With 19 years of service and the experiences of traveling to 44 different countries, Commander Heyen is a true example of a military hero. He joined the Navy because of four reasons: inspiration from his family, the desire to serve his country, the yearn to fly, and the wish to travel outside of his hometown Nebraska.
Following Commander Heyen’s appearance, teachers, staff, and students shared clips thanking active duty and veterans for their service and sacrifice to the United States. A special interview conducted by KCMS news team member Hannah Fabiszak followed.
Jim Fabiszak is a retired Navy commander and father to five children. His desire to fly and service his country pushed him to excel at the Naval Academy for four years. He became a Navy midshipman in 1991 and eventually served a total of 24 years of active duty in the military. With numerous deployments all around the world, Fabiszak’s favorite was in northern Europe, where he had the opportunity to travel to Iceland and Norway. Retiring in August 31 of 2019, Fabiszak misses the camaraderie of shipmates and sailors and flying aircraft most.
“Veterans Day means a lot to me especially because I have a dad that is retired from the Navy. Many that join the military have to go a long time without seeing family or friends, missing holidays, birthdays, and other important events. Also, some members don’t have the opportunity to come back home sadly. Veterans Day allows a day of celebrating all those who fought or are still fighting for freedom,” Hannah Fabiszak shared.
The broadcast ended with words of appreciation from all of CMS to veterans and active duty military who seek to make the world a better place.
Eighth grader Claire Hickey explained, “It was really cool to get to see and hear about our veterans and all the work they do for our country on a daily basis. It was weird not doing the large celebration we always do, but we learned to adapt, as we have with many things this year.”

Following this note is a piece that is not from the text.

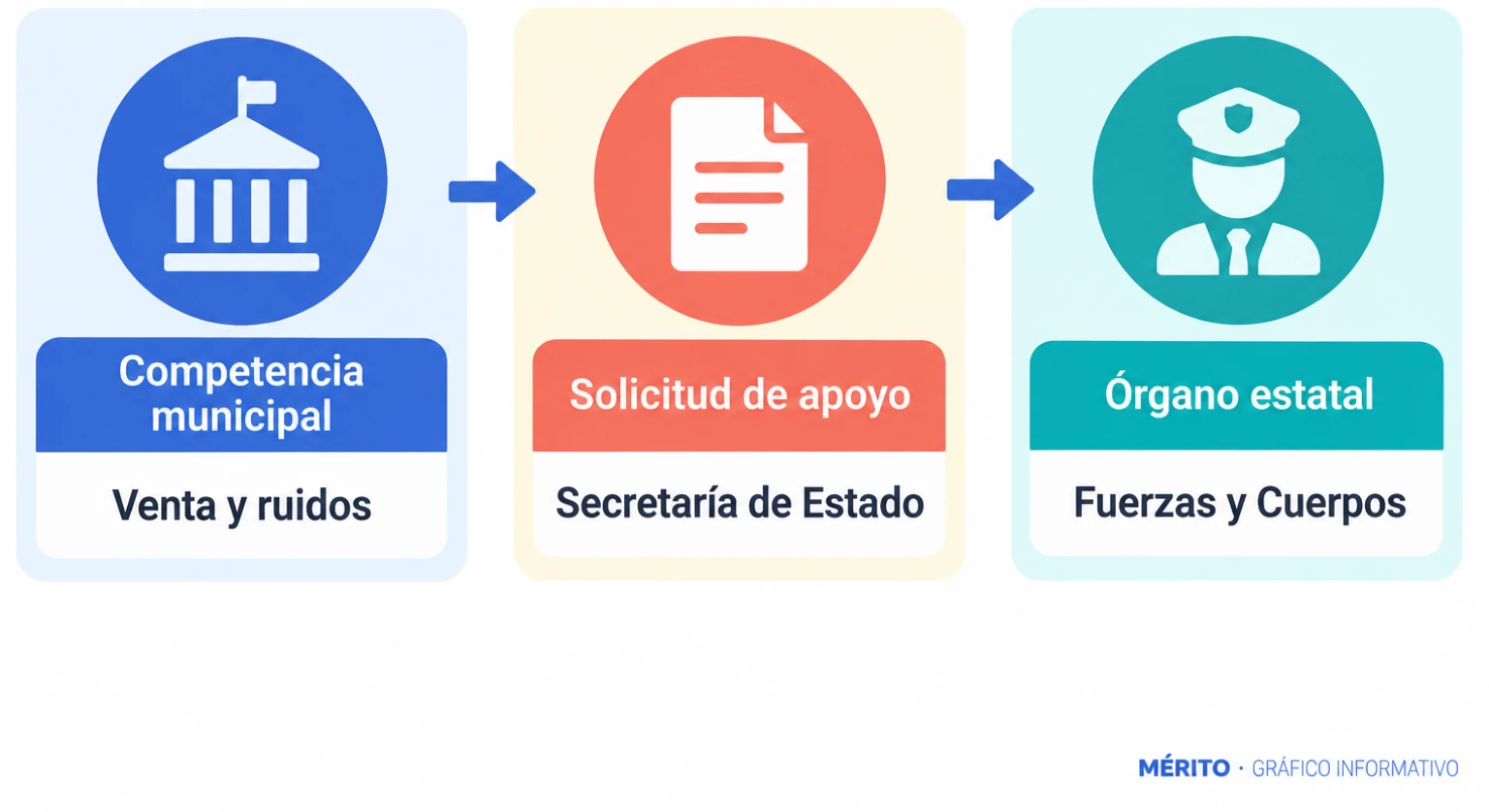 Diagrama de competencias municipales y estatales en la intervención del Trampolín.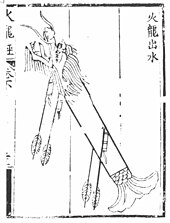 A multistage rocket from the 14th-century military manuscript Huolongjing, Ming dynasty Chinese Multistage Rocket.JPG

“It may not have been the Take a Vet to School Day extravaganza that we enjoy putting together annually, but Mrs. Evenson and the KCMS students did an outstanding job in allowing us to share our thanks and appreciation for the service and sacrifice of our nation’s brave men and women,” Principal Mellina concluded.
November 11 is a day for all to commemorate and appreciate the sacrifices and service military personnel have given to America. Although CMS’s once grandiose observance was celebrated differently this year, America still remains the “land of the free” and the “home of the brave” due to the duty, honor, and commitment by our military veterans and active duty service members.